**GOAL OF THE EXERCISE**.
Your answer must be only the lines below from the one containing "Baterie Green Cell" through the one containing "Krzesło tapicerowane GOTI BLACK VELVET GOLD", copied exactly, with the pictures left out.

Short web captions

────

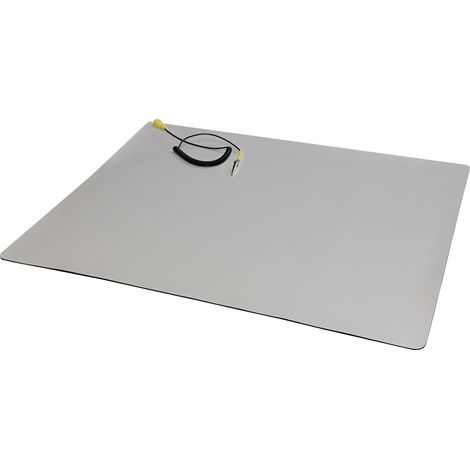 Tapis de travail antistatique 90 x 60 cm Protection ESD Surface PVC conductrice avec câble spirale avec pince crocodile pour travaux électroniques (1/5)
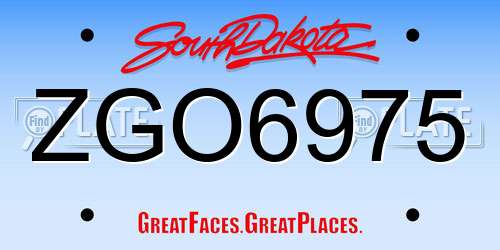 ZGO6975 South Dakota License Plate
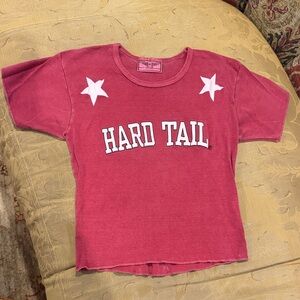 Vintage Hard Tail Forever Short Sleeve Cropped Tee in Red with White Stars
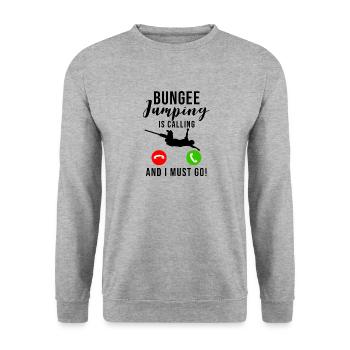 Bungee Jumping - Unisex Pullover - Weißgrau meliert - Vorne - Alina (178cm) & Michal (187cm)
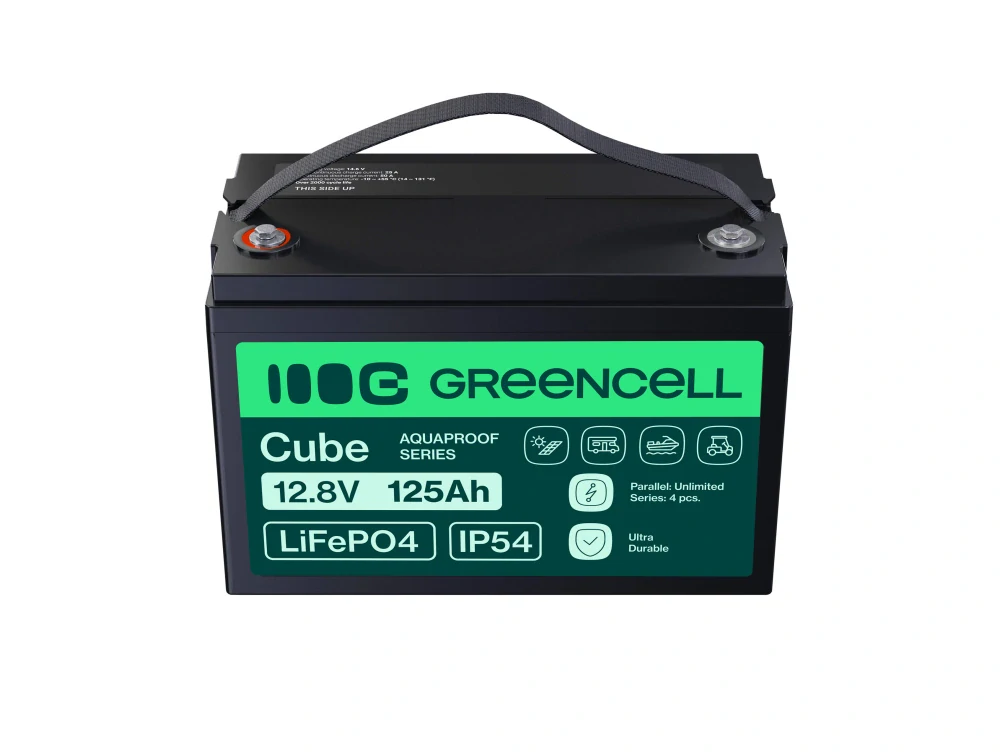 Baterie Green Cell CUBE LiFePO4 LFPGC12V125AH Baterie LiFePO4 12V, 12,8V 125Ah, 1600Wh IP54 Lithium-železo-fosfátový Akumulátor pro karavany, čisticí zařízení, camping  a jiné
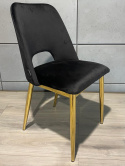Krzesło tapicerowane GOTI BLACK VELVET GOLD
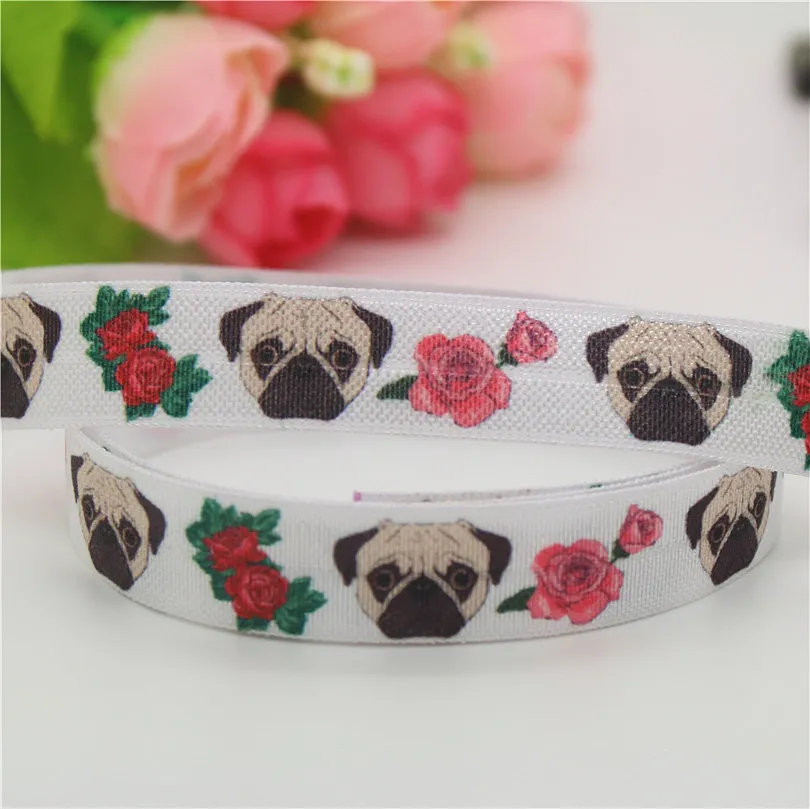 DHK 5/8'' 5yards Fold Elastic FOE camo tree pug bulldog dog printed headband headwear hairband decoration OEM Wholesale C457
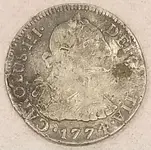 1774 Lima Peru 2 Reales obverse.jpg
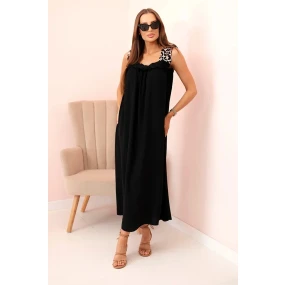 Dámské šaty s ramínky s leopardím potiskem černý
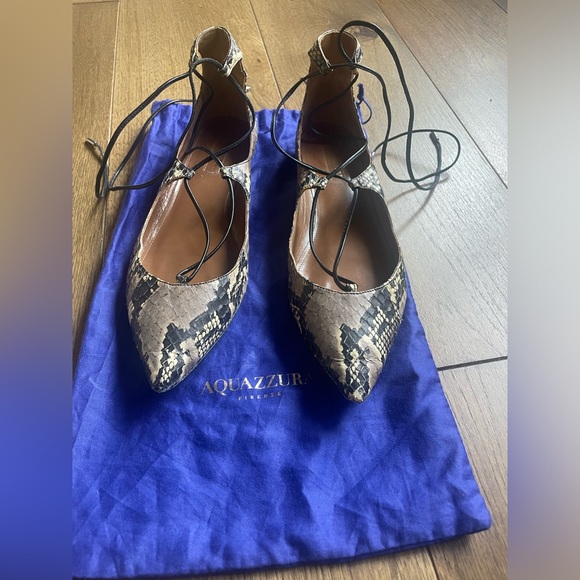 Aquazurra Firenze Christy snakeskin leather flats - Picture 8 of 8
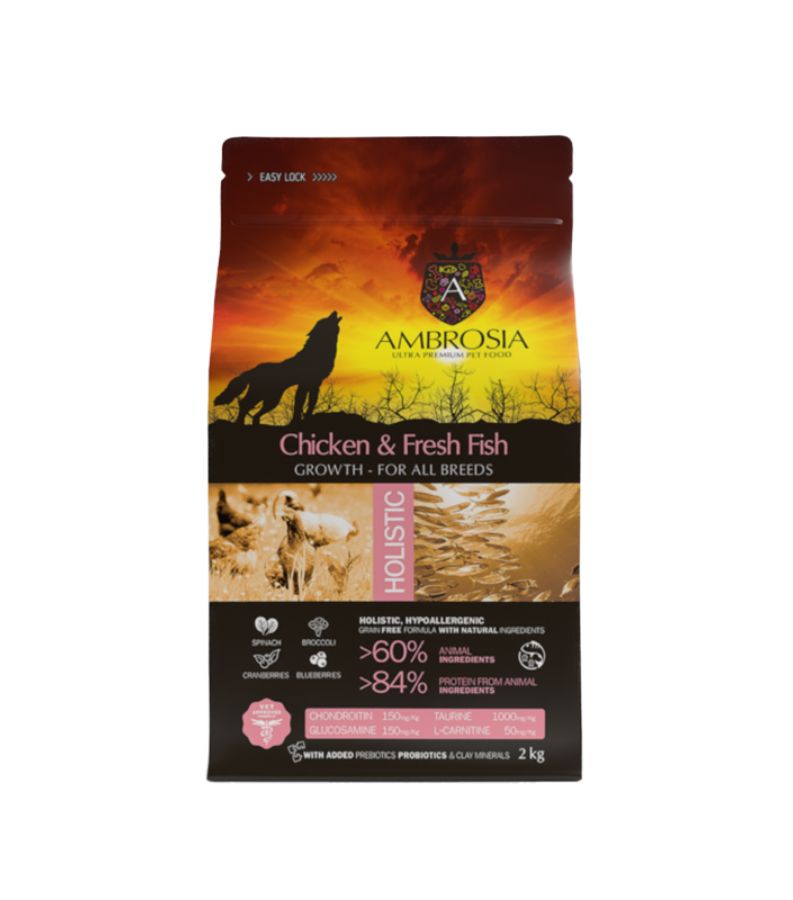 Ambrosia Värske Kala ja Kana Kutsikatele 6kg (3x2kg)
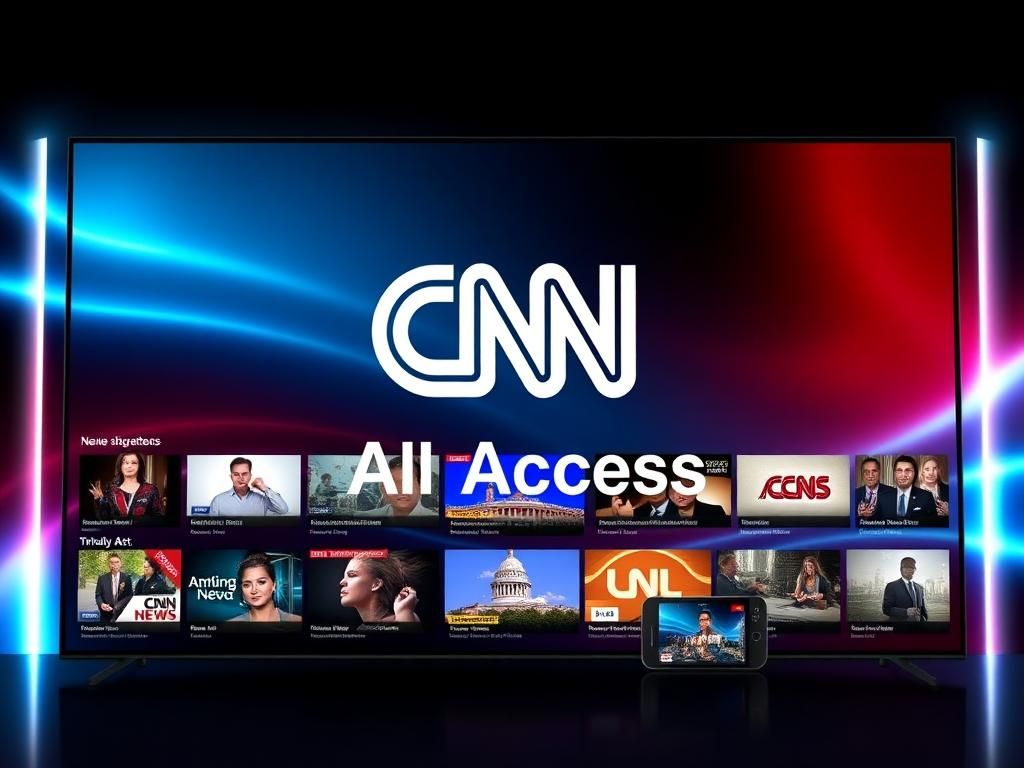 Flick International A sleek digital interface featuring the CNN logo with vibrant streaming content thumbnails.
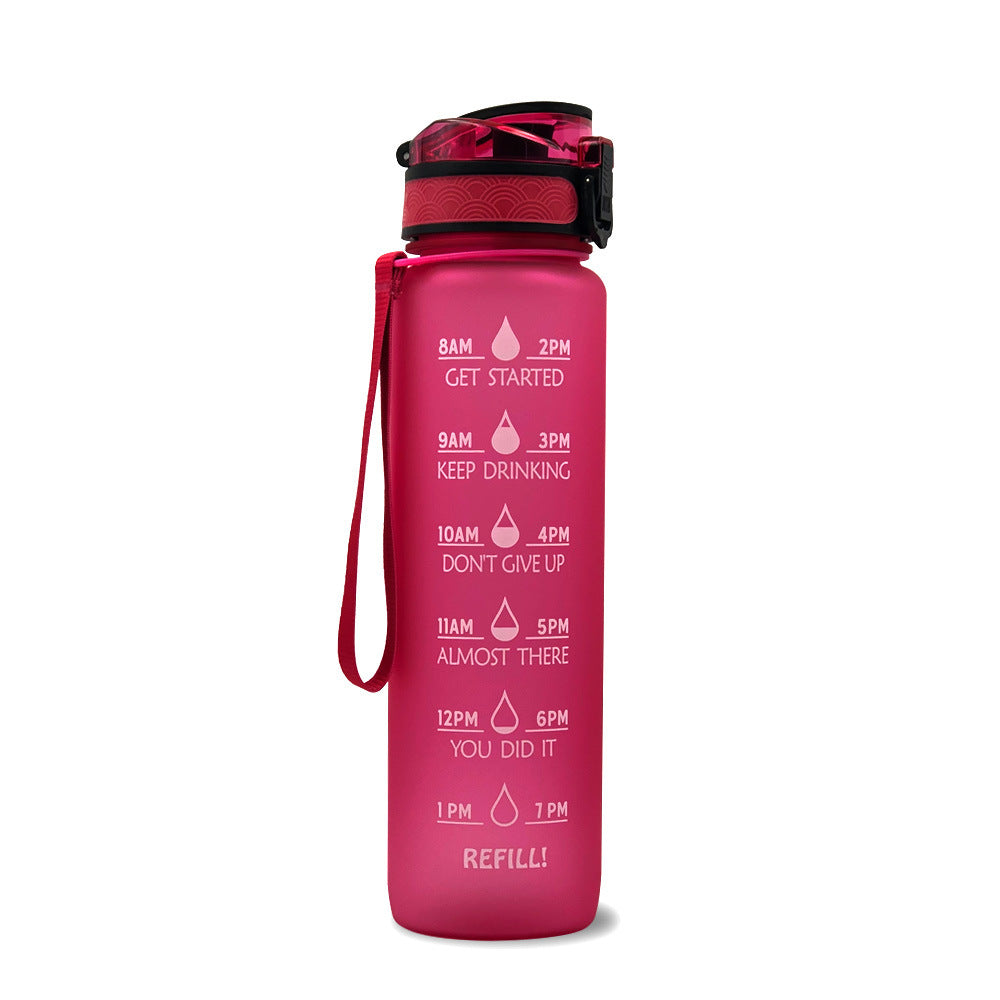 1L Tritan Water Bottle With Time Marker Bounce Cover Motivational Water Bottle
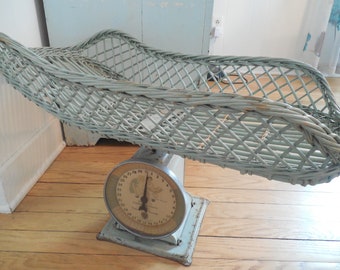 Pretty Antique Paragon Baby Scale with Baby Blue Wicker Basket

────

**OUTPUT BELOW**.
 Baterie Green Cell CUBE LiFePO4 LFPGC12V125AH Baterie LiFePO4 12V, 12,8V 125Ah, 1600Wh IP54 Lithium-železo-fosfátový Akumulátor pro karavany, čisticí zařízení, camping  a jiné
Krzesło tapicerowane GOTI BLACK VELVET GOLD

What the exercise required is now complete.